# Birds have been mating... but no eggs!



## cockatiels808 (Jan 25, 2012)

Hello all! I wanted to see if anyone had some possible insight in my dilema. For the past couple of months I've been wanting to breed a couple of my pairs. I have them set up in a 30 x 18 x 18 cage (one pair per cage of course), with a nesting box attached on the outside. The nest box measures about a square foot with ample vertical room. I've observed my birds mating over the past month, and for the past couple of weeks I see them spending much more time in there. As of yet, I havent seen a single egg. I also had one of my pairs paired up for almost two months without having any eggs as well. I guess what I'm asking is what am I possibly doing wrong? Is it the temp (I live in Hawaii), cage size, food, etc.? One of my females is a proven mom, so I find it peculiar for her to not be able to produce all of a sudden. Any info would be greatly appreciated and thank you for your help on this matter.


----------



## angelmommy24 (Nov 20, 2011)

I know it can take some time.. are they outside? If not do you provide FSL lighting? Are you giving them egg (I give mine egg and have heard it can help with breeding although Im not 100% sure) what foods are they eating, are they in a quiet room left alone and are the pairs set up close bye?
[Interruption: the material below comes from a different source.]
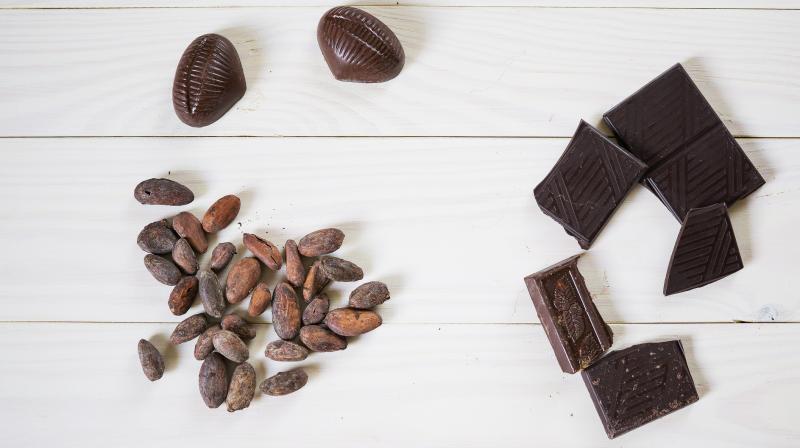 The cocoa industry is threatening to the environment, including by contributing to deforestation. (Photo: Pixabay) The cocoa industry is threatening to the environment, including by contributing to deforestation. (Photo: Pixabay)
It can take months for them to get it right... best of luck and keep us posted


----------



## cockatiels808 (Jan 25, 2012)

I haven't been giving them any egg. They do have a cuttle bone in their cages for added calcium. Some of my birds have started to molt so I know it'd be best not to stress them with breeding while they're molting, and I figure after they're done I'll try again with my other pair. Right now I'm currently breeding one pair and the rest are in a flight cage. I've been feeding my breeding pair the Kaytee Forti Diet blend. They're actually inside and have quite a bit of natural and artificial light, and the other tiels are around them as well in other cages. I'm hoping it's just a matter of time before I have some success. Thanks for te feedback Angelmommy24!


----------



## angelmommy24 (Nov 20, 2011)

I would suggest reading this:

http://talkcockatiels.com/showthread.php?t=27588

Are they paired together? Yes just give them time & cuttle bone is great for them! Do they have any veggies or fruits?


----------



## roxy culver (May 27, 2010)

If you offer more soft foods this could also promote the hen to lay as she will see she has enough food to provide for her babies. If you're giving a fortified diet keep the egg to a minimum of once or twice a week. FSL will help the hen absorb calcium. Sunlight through a window is not enough to produce the Vit. D she needs. Good luck!


----------



## cockatiels808 (Jan 25, 2012)

Thanks for the comments you guys! I really do appreciate everything you have to give me. I rearranged their cages today. I placed them in a way that direct sunlight can shine into their cages. I'm also planning on offering them soft foods. What kinds of fresh "soft" food would you recommend I have available?


----------



## roxy culver (May 27, 2010)

Is the direct sunlight through a window? If so this won't be enough, windows block most of the UV that the sun provides. And I wouldn't expect to see any eggs now for a while, since rearranging the cage is one of the ways to stop breeding lol. So give them a week or so to adjust to the new set-up before expecting to see anything.


----------